- Task objective: In the data below, find the line that contains "Nhà vườn hẻm" and the line that contains "Arno Gujon u". Copy both, plus every line between them, exactly.

------------------------

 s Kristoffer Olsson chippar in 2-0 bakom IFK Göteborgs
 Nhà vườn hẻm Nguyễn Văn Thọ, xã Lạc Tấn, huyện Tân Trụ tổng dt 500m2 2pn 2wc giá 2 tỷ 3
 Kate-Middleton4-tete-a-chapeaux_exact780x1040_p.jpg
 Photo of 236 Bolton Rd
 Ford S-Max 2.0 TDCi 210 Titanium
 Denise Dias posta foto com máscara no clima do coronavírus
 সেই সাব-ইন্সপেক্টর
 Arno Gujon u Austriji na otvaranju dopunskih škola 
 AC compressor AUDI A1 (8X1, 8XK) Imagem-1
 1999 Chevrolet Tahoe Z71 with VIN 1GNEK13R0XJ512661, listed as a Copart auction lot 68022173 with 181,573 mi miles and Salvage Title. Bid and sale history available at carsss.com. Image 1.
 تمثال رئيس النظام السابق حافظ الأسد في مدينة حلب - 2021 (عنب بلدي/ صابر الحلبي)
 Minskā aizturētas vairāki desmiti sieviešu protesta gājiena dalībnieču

------------------------

- Answer section:
 Nhà vườn hẻm Nguyễn Văn Thọ, xã Lạc Tấn, huyện Tân Trụ tổng dt 500m2 2pn 2wc giá 2 tỷ 3
 Kate-Middleton4-tete-a-chapeaux_exact780x1040_p.jpg
 Photo of 236 Bolton Rd
 Ford S-Max 2.0 TDCi 210 Titanium
 Denise Dias posta foto com máscara no clima do coronavírus
 সেই সাব-ইন্সপেক্টর
 Arno Gujon u Austriji na otvaranju dopunskih škola 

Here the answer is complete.